> **Exercise objective**
Below are the records. Retype exactly the lines between the lines holding "kitchen featuring visible" and "Modelo con jeans", inclusive.

> **Data shown**
⟨

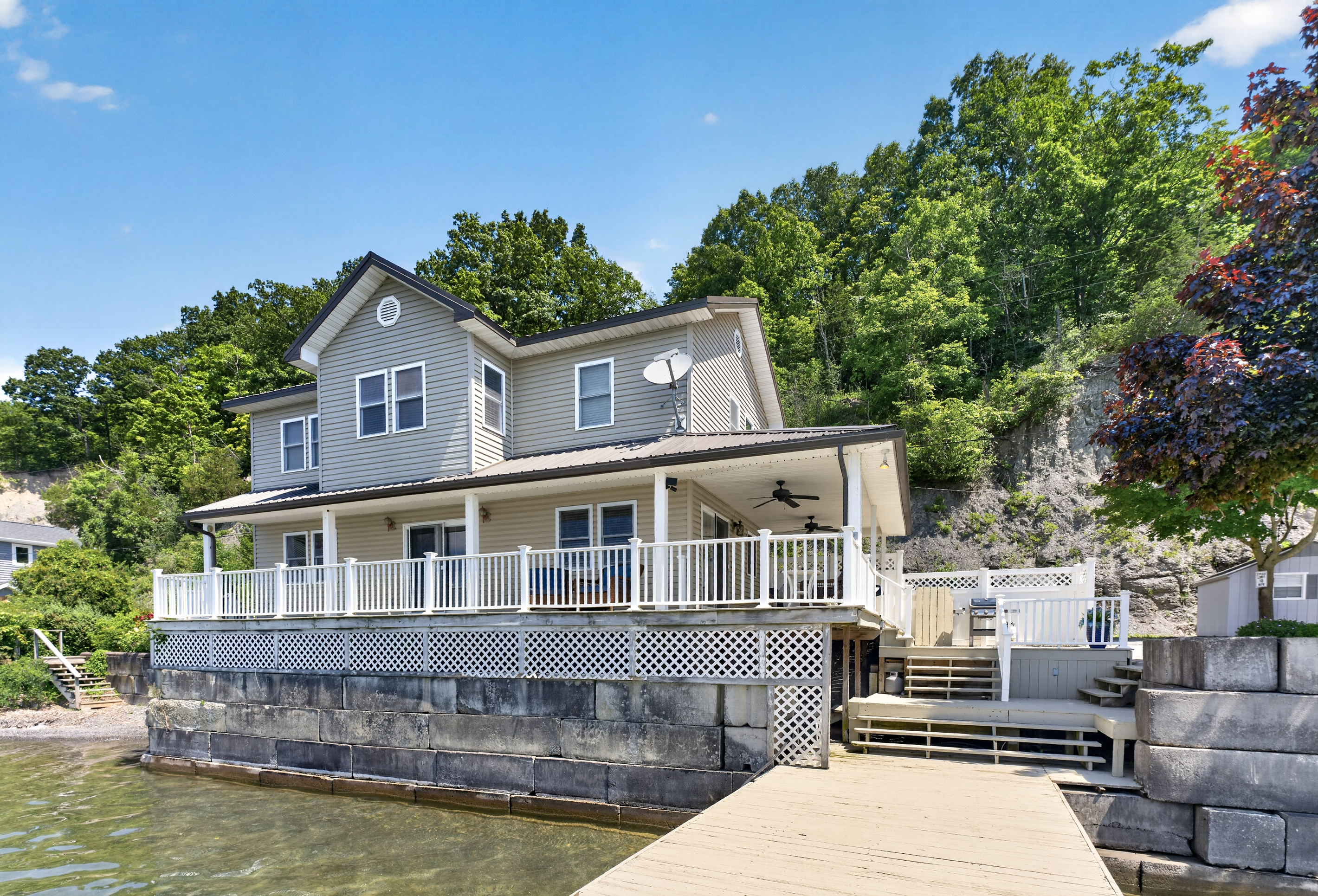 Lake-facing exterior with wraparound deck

⟩
⟨

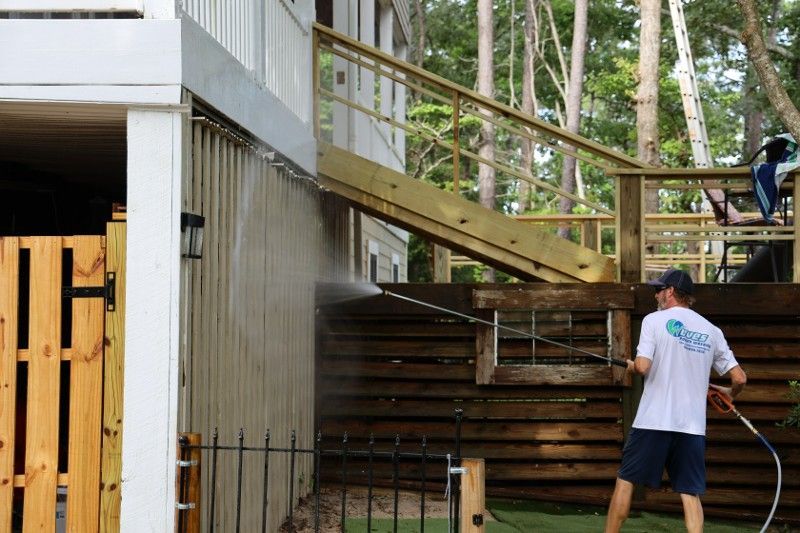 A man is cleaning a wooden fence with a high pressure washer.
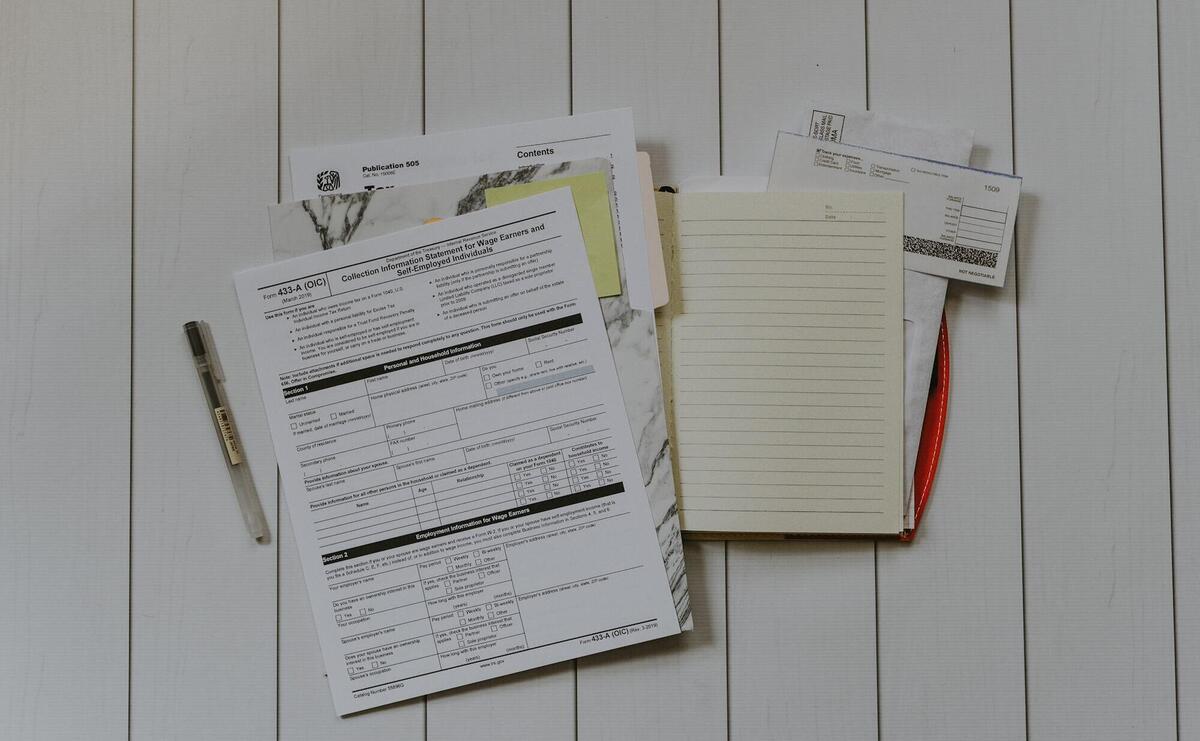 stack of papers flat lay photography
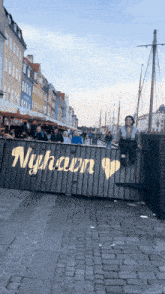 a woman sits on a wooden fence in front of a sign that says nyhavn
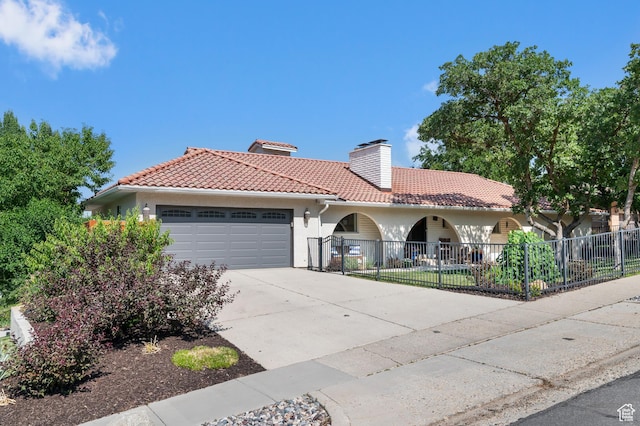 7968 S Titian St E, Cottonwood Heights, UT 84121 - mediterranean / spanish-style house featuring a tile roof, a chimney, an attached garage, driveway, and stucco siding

⟩
⟨

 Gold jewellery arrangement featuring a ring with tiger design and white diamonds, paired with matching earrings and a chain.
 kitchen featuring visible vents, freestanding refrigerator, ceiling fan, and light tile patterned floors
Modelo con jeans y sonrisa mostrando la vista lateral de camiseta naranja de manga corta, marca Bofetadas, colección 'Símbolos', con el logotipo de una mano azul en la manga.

⟩

> **Completed exercise**
 kitchen featuring visible vents, freestanding refrigerator, ceiling fan, and light tile patterned floors
Modelo con jeans y sonrisa mostrando la vista lateral de camiseta naranja de manga corta, marca Bofetadas, colección 'Símbolos', con el logotipo de una mano azul en la manga.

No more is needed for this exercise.